• [Action item]
Please reproduce exactly the lines from the start of the records through the one containing "Le site Accueil | CLEMI", and nothing more.

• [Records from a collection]
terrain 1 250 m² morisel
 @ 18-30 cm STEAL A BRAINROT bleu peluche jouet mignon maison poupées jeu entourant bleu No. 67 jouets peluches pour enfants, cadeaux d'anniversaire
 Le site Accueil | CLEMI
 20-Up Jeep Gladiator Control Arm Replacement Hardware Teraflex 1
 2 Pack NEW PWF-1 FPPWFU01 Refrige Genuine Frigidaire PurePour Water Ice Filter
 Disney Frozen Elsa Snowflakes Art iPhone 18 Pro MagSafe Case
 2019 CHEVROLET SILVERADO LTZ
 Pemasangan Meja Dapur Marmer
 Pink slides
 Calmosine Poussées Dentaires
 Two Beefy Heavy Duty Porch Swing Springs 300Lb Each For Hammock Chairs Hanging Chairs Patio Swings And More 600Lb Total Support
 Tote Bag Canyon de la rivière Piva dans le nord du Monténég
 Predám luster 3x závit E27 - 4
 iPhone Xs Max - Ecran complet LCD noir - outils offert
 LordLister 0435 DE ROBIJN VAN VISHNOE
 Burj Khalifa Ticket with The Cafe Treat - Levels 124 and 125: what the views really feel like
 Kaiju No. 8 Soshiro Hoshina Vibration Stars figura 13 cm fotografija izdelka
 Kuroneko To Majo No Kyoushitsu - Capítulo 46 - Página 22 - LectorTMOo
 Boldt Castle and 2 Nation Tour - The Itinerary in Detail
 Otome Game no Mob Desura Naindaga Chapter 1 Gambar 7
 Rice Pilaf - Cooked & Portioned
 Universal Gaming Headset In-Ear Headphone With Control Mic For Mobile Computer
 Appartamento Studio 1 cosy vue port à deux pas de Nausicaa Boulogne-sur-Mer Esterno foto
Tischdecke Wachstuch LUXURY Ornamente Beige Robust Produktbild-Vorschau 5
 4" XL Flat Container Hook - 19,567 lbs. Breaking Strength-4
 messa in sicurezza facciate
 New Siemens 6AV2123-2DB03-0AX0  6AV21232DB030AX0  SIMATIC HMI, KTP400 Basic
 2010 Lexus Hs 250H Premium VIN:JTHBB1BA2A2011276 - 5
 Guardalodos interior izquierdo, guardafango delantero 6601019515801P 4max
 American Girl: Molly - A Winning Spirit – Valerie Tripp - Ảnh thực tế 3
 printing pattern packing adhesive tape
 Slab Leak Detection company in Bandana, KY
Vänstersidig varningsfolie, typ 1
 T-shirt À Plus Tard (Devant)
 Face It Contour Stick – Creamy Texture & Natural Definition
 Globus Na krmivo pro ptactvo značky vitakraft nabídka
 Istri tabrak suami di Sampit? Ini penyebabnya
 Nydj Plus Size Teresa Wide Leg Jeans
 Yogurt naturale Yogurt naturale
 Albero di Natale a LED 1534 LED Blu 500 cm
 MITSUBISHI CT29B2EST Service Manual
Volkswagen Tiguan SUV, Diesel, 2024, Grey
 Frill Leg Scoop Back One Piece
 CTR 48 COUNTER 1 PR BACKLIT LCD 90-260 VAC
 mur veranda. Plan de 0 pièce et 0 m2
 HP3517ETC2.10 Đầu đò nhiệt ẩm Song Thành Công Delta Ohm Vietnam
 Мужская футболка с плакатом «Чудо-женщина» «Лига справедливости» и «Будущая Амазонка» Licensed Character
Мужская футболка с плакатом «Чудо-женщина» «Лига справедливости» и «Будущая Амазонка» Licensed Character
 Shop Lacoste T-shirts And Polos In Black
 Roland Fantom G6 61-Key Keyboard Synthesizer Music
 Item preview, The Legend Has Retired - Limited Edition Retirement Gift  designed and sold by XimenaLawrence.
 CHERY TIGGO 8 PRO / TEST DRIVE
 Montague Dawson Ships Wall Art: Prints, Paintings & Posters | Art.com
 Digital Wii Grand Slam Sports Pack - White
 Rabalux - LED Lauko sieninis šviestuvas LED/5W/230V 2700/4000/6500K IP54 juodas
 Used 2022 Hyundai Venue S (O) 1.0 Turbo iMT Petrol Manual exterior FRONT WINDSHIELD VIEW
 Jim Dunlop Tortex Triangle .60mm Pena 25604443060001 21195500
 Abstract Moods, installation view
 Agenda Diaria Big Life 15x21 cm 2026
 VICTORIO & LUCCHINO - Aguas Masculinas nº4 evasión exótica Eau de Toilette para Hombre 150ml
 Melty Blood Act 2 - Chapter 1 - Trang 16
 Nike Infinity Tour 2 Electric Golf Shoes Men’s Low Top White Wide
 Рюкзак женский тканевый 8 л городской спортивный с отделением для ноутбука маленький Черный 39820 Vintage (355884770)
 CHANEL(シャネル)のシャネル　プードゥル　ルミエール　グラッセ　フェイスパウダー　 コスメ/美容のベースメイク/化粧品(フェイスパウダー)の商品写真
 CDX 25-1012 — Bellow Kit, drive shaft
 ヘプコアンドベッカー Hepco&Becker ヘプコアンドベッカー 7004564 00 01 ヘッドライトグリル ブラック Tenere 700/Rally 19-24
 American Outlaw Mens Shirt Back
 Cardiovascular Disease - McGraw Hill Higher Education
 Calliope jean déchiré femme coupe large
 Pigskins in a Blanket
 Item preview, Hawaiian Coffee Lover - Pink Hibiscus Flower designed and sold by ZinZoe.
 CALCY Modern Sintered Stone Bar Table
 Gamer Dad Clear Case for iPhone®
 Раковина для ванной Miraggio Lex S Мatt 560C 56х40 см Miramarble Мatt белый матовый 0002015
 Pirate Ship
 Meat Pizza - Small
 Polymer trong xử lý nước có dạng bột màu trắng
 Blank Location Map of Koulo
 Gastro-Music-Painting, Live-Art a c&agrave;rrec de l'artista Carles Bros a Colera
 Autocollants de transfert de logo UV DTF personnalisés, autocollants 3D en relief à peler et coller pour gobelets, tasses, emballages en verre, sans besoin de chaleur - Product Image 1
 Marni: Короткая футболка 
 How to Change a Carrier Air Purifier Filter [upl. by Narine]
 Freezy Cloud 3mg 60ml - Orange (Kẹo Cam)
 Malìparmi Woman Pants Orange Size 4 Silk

• [Your response]
terrain 1 250 m² morisel
 @ 18-30 cm STEAL A BRAINROT bleu peluche jouet mignon maison poupées jeu entourant bleu No. 67 jouets peluches pour enfants, cadeaux d'anniversaire
 Le site Accueil | CLEMI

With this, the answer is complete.